The patient is a pre-term male Caucasian of 36 weeks of gestation weighing 2.61 kg. Since the second day of life he presented with episodes of cyanosis, tachydyspnea and hypoglycemia, with suspicions of pneumonia. Antibiotic therapy was initiated. The patient had a good general state but was discolored (+/4). He had rhythmic noise, a systolic murmur of +++/6 at the left sternal margin and lungs with diffuse stertor crackles. The liver was 2 cm from the right costal edge. His peripheral pulses were palpable in the four limbs, however the pulse was stronger in the right arm. An infusion of prostaglandin E1 was initiated giving an improvement of the congestive heart insufficiency, diuresis and peripheral saturation.

ELECTROCARDIOGRAM

Sinusal rhythm was recorded with 155 beats per minute. Electrical axis of the QRS + 160º was seen with a broad R wave at V1 and good P wave at D2 suggesting right atrial and ventricle overloads.

RADIOGRAM

Bilateral diffused pulmonary a hypotransparent area was evidenced suggestive of pulmonary venous congestion due to hypertension. The cardiothoracic index was 0.67.



ECHOCARDIOGRAM

Situs solitus at levocardia was seen and the veno-atrial, atrioventricular and ventriculoarterial connections were in accordance. An interruption of the aortic arch after the left common carotid artery was identified, as was a foramen ovale type interatrial communication. The interventricular communication was dually related. There was a patent but restricted arterial canal supplying the left subclavian artery and descending aorta.

DIFFERENTIAL DIAGNOSIS

Truncus arteriosus, total anomalous connection of the pulmonary veins, severe coarctation of the aorta with interventricular communication, aorta-pulmonary window and complex heart diseases with single ventricles should be the main considerations.

DIAGNOSIS

A cineangiocardiographic study was not necessary and could even be a disadvantage due to the use of contrast. The echocardiogram clearly demonstrated the anatomy of the aortic arch and the intracardiac characteristics, confirming the diagnosis of a type-B aortic arch interruption with an interventricular communication.

SURGERY

On the 21st day of life the patient underwent an operation to totally correct the anomaly in a single surgery. Median transsternal thoracotomy with the establishment of a cardiopulmonary bypass with two arterial and two venous cannulae was performed. After deep hypothermia at 16 ºC and intermittent anterograde sanguineous cardioplegia at 4 ºC were employed. Hypoflow at 40 mL/kg/h during 25 minutes was chosen with a total perfusion time of 164 minutes and anoxia of 47 minutes was recorded.

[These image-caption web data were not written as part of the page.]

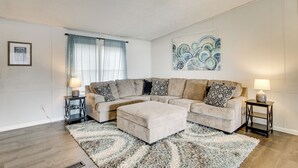 A living room with a sectional sofa, a matching ottoman, two side tables with lamps, a large abstract painting, and a window with curtains. - Saluda River Retreat w/ Boat Ramp & Water Views! (Prosperity)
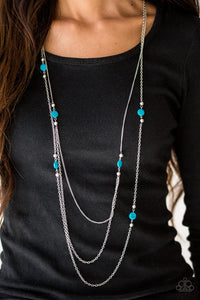 Brushed in a shell-like shimmer, iridescent blue beads and dainty silver beads trickle along glistening silver chains for a seasonal look.  Sold as one individual necklace. Includes one pair of matching earrings.  Always nickel and lead free.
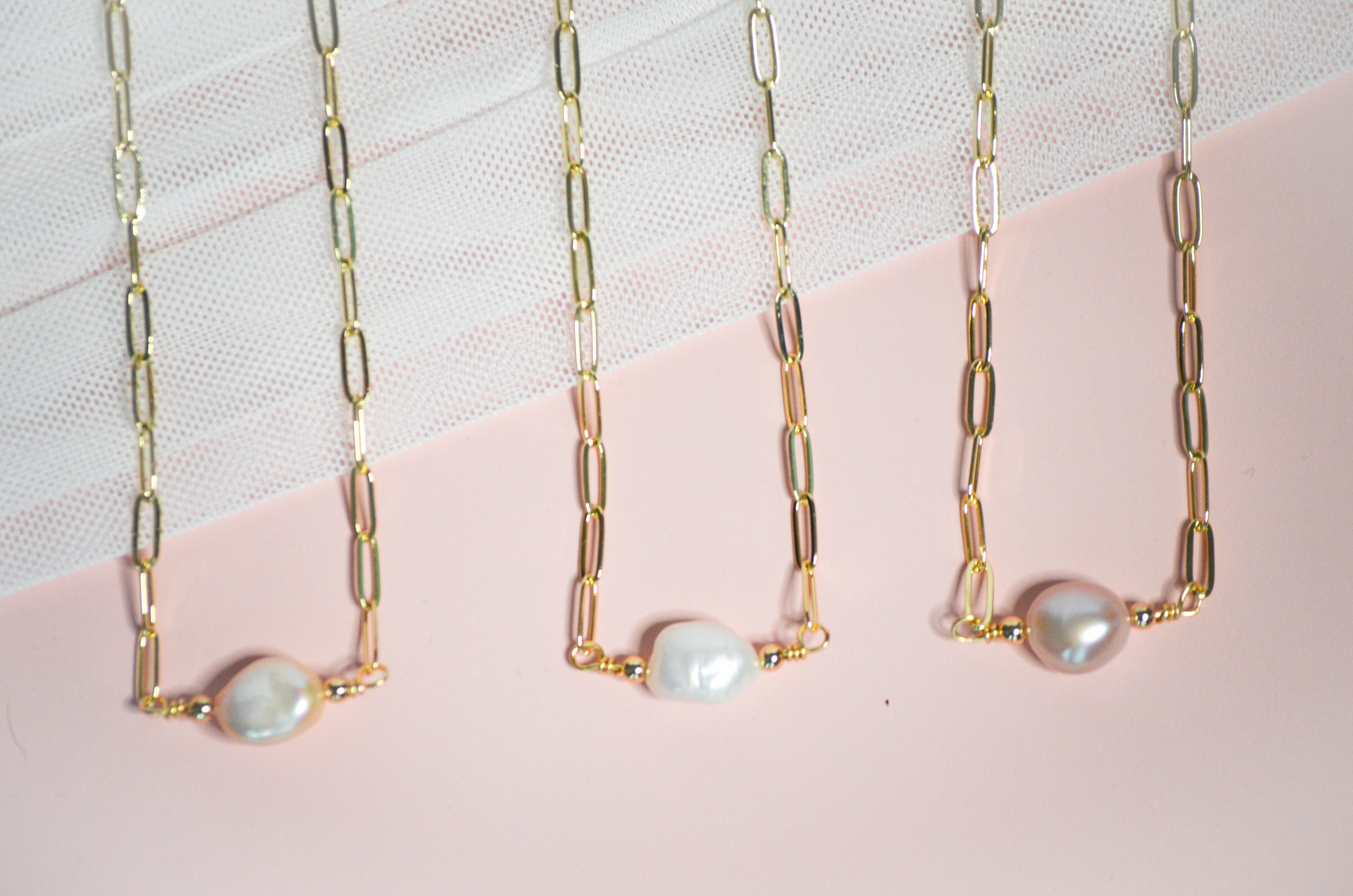 Three pearl necklaces with vafrying shades on a gold chain and pink background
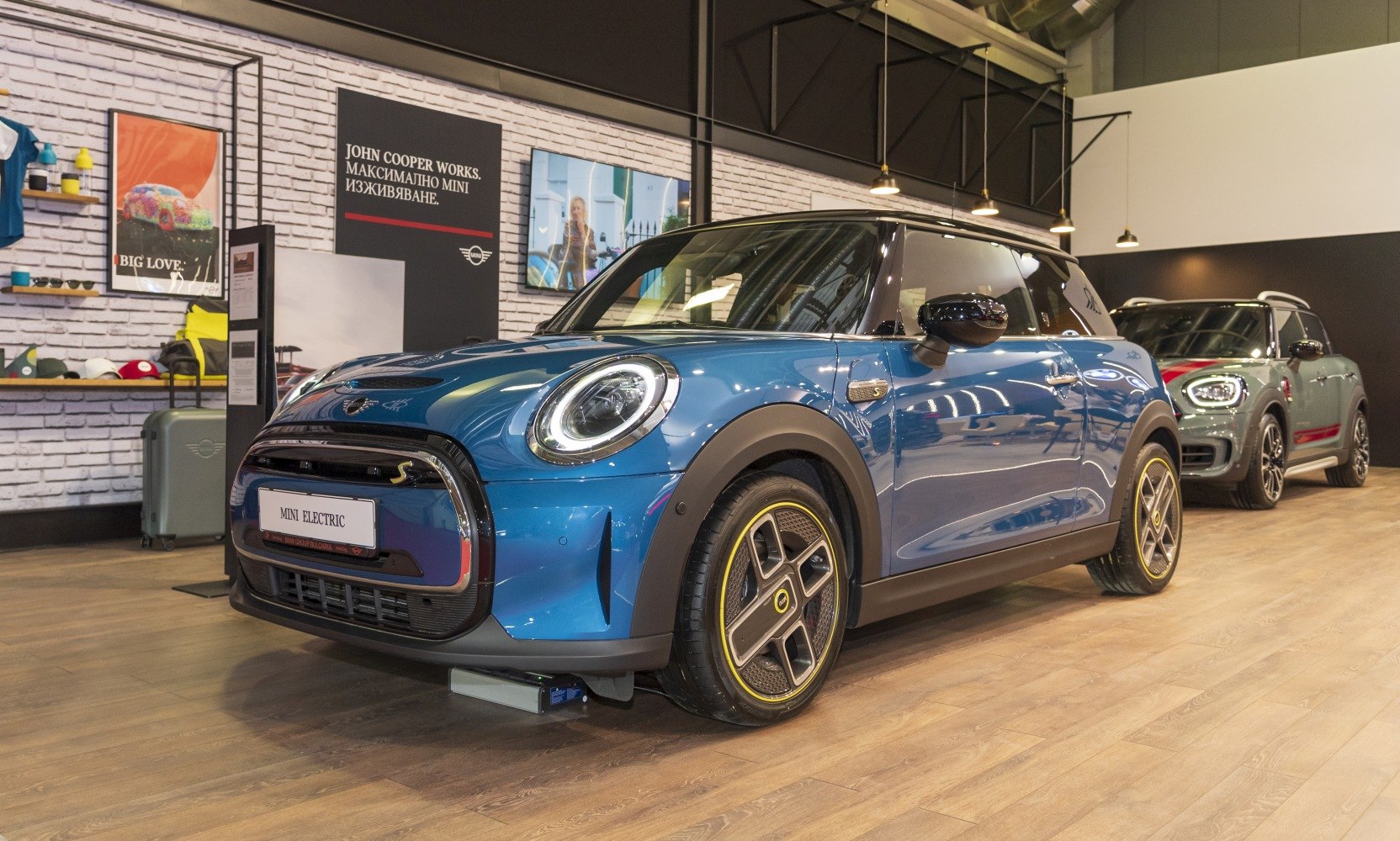 Front and side view of a blue electric compact car with distinctive LED headlights and patterned alloy wheels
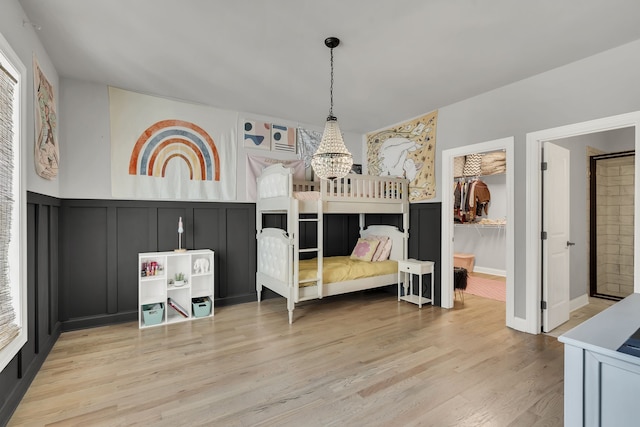 bedroom with a notable chandelier and light hardwood / wood-style flooring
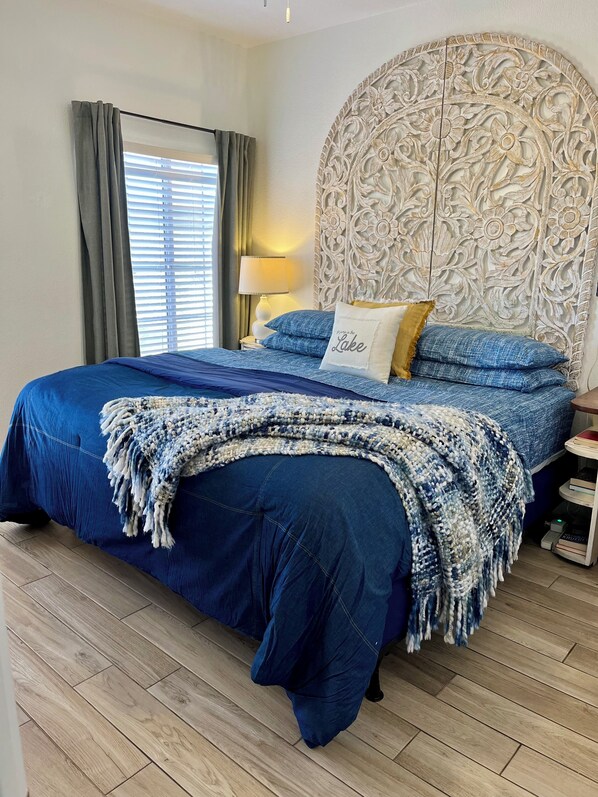 A bedroom with a large bed, a decorative headboard, a bedside table with a lamp, and a window with curtains.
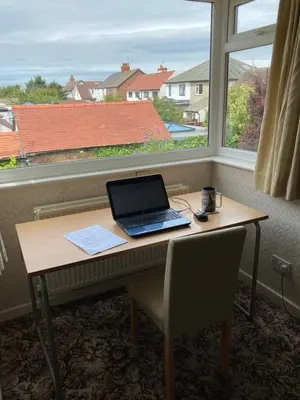 a laptop computer sitting on a desk in front of a window at Fairways in Cleveleys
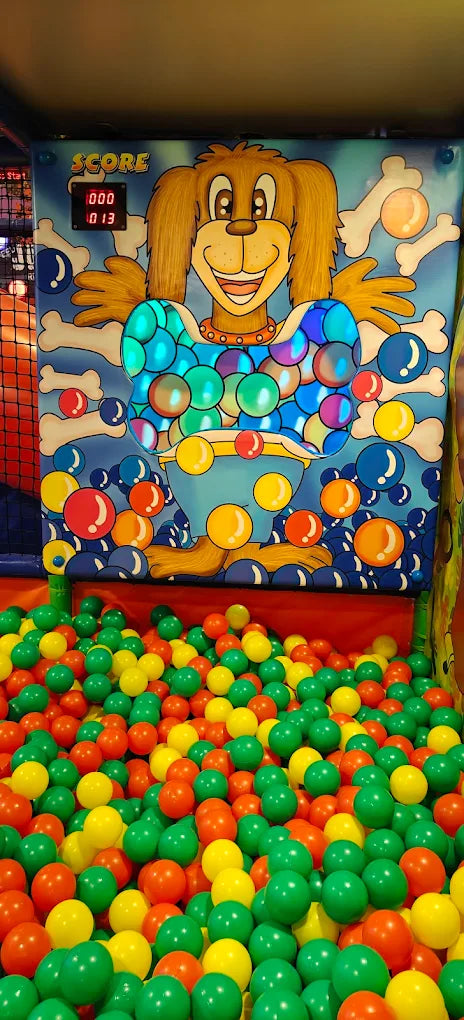 A ball pit with a cartoon dog game and colorful balls.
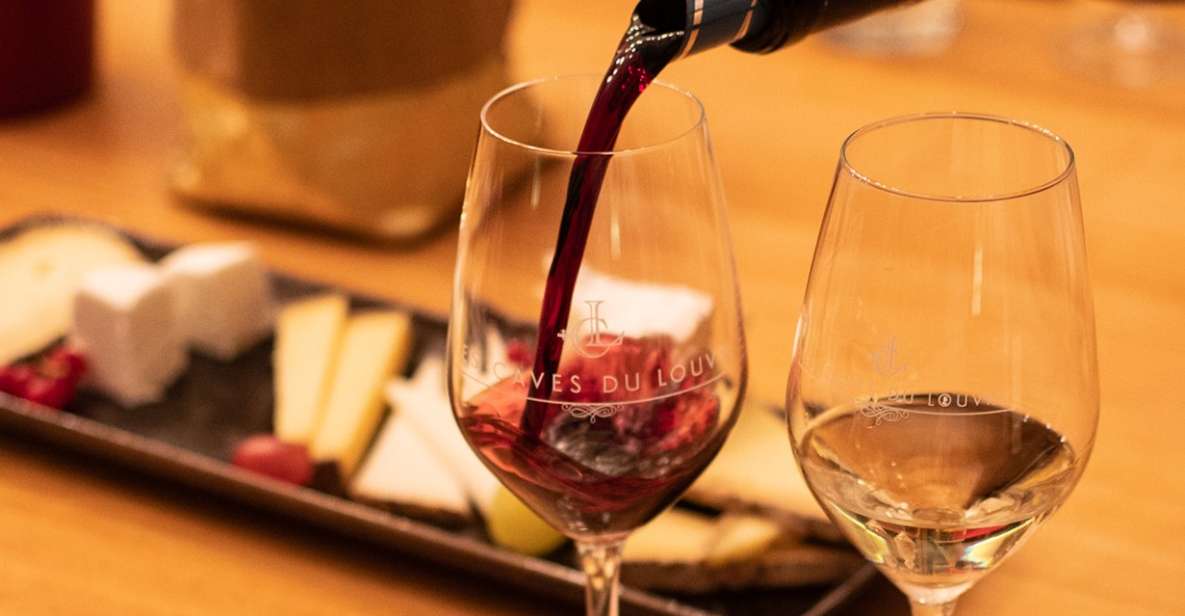 Paris: Apéro Wine and Cheese Tasting Experience - Inside Les Caves du Louvre: Private Cellar Atmosphere and Oak-Table Comfort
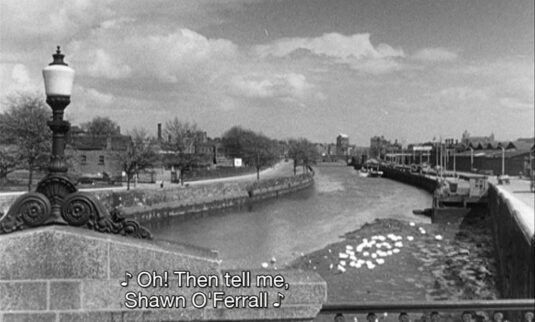 The view east down the River Liffey from Frank Sherwin Bridge where it joins Victoria Quay. Circa 1957
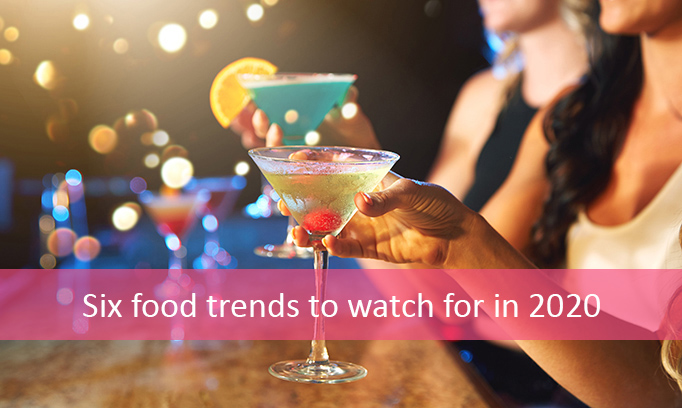 Three women at a bar drinking colorful martinis to celebrate the New Year.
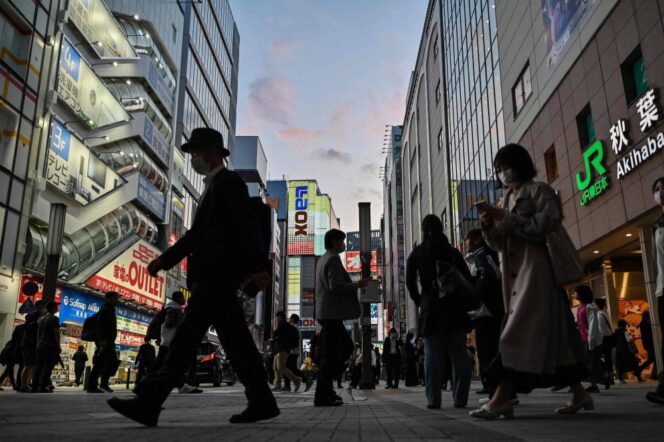 
					People walk outside a train station in the Akihabara district of Tokyo on May 9, 2024. (Photo by Richard A. Brooks / AFP)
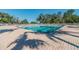 Inviting community pool with lounge chairs and patio area at 13141 Palmilla Cir, Dade City, FL 33525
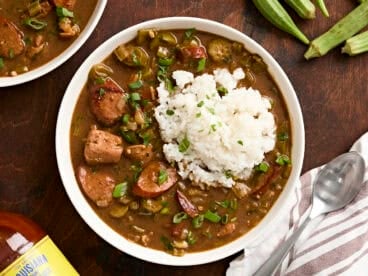 Overhead view of a bowl of gumbo and rice.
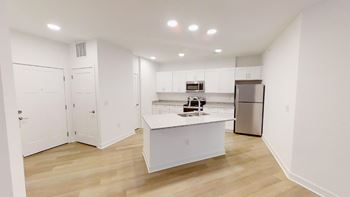 Open floor plan with large kitchen island and wood plank flooring at Wesley Place Apartments in Indianapolis, Indiana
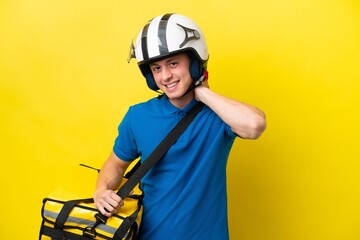 Wall Mural - Young Brazilian man with thermal backpack isolated on yellow background laughing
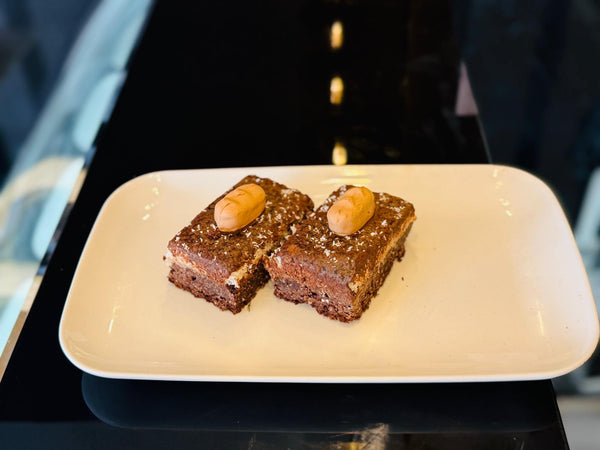 Two brownies on a white plate with a blurred background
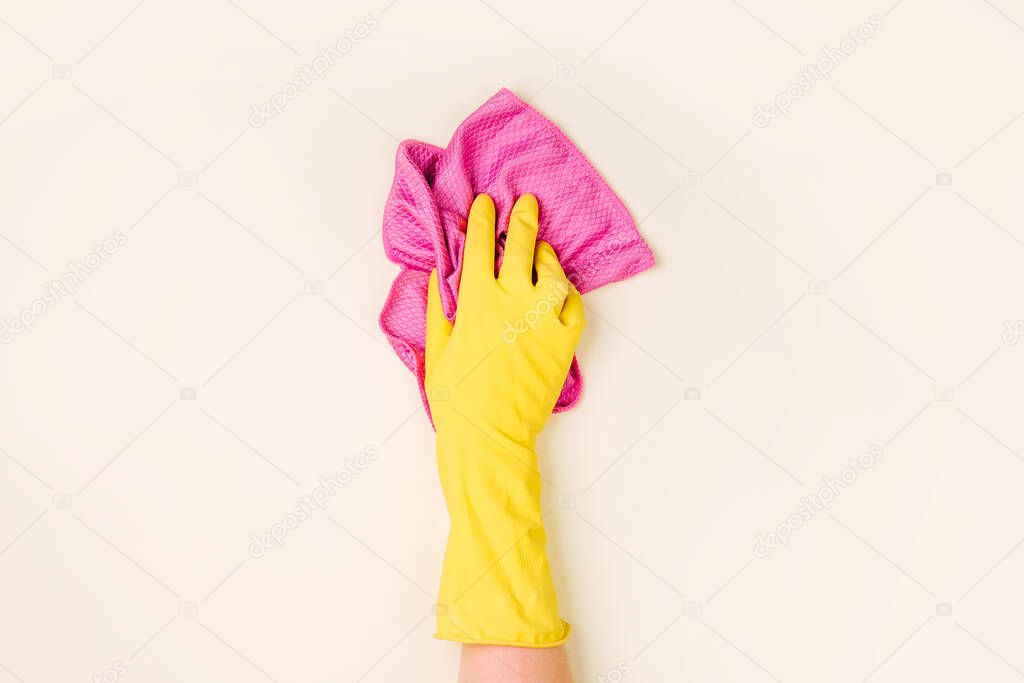  Female hands cleaning on pale yellow background. Cleaning or housekeeping concept background. Copy space. Flat lay, Top view.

Initially the arterial canal was ligated and sectioned with ample sectioning of the great vessels, aortic arch and the descending aorta. End-to-side anastomosis of the descending aorta on the posterior wall of the aortic arch was performed. A ventriculoseptoplasty was easily achieved through the pulmonary branch. The interatrial communication was closed by direct suturing.

In the postoperative period the patient evolved with renal insufficiency and required peritoneal dialysis during four days. An unspecific infectious process was treated with broad-ranging antibiotic therapy. Episodes of hypoglycemia in spite of an endocrinological investigation not demonstrating alterations of the metabolism called our attention. The patient was released from hospital on the 22nd postoperative with a control echocardiogram demonstrating the absence of a gradient in the region of the aortic anastomosis and the interventricular communication closed.